Benefits of Hanging Baskets
Hanging baskets are a popular gardening option for many people because they provide a number of benefits. Some of the benefits of hanging baskets include:
- Space-saving: Hanging baskets allow you to grow plants in areas where there is limited space, such as balconies or small patios.
- Decorative: Hanging baskets add visual interest to your outdoor space and can be used to complement your existing garden or landscape design.
- Versatile: Hanging baskets can be used to grow a wide variety of plants, including flowers, herbs, and even small vegetables.
- Easy to care for: Many plants that do well in hanging baskets are low maintenance, making them a good choice for busy gardeners.
- Mobile: Hanging baskets can be easily moved around your outdoor space to take advantage of different light conditions or to change up the look of your garden.
- Climate control: Hanging baskets can provide some protection for plants from extreme weather conditions, such as strong winds or intense heat.
- Accessibility: Hanging baskets can make it easier for people with mobility issues to garden, as they can be hung at a comfortable height for tending and harvesting.
Choose the Right Supplies
The first thing you will need is a metal basket. Metal is the most reliable because it will support the weight of the hanging basket’s soil, plants and water. Though, for petunias, you can use 12-inch plastic containers. They are light and hold water.

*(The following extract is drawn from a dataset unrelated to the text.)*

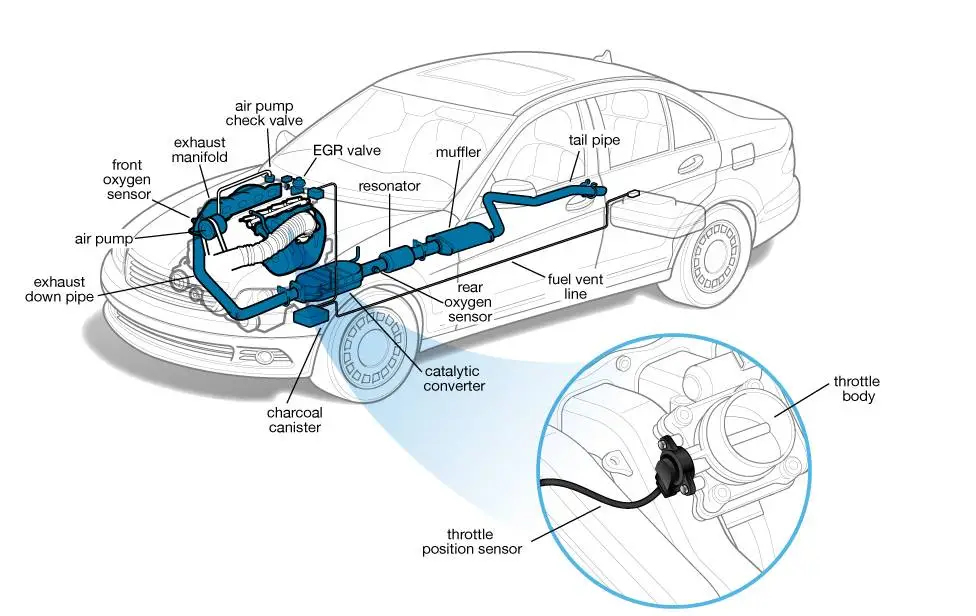 Throttle Position Sensor (TPS)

Decide what type and size basket you want for the area where it will hang. Generally, a container with a 10- to 12-inch diameter will be sufficient for petunias or two or three geraniums.
Then, buy a nice light potting soil that retains moisture and contains peat and perlite. Most potting soil comes in bags and is already moistened.
Select plants in packs: bacopa, nemesia, alyssum, pansies, calendula, schizanthus, campanula, and snapdragons are all cool-season annuals that do well in hanging baskets.
For a more permanent basket, consider succulents, low-growing perennials, or even ivy, but make certain that all the plants you use have the same feeding, growing and watering requirements.
Things you will Need
- The right hanging basket
- Potting Soil
- Pick the Right Plants
- Use the Right Fertilizer
- Allow for the combined weight of soil and basket when hanging
- Not all plants are suitable for hanging!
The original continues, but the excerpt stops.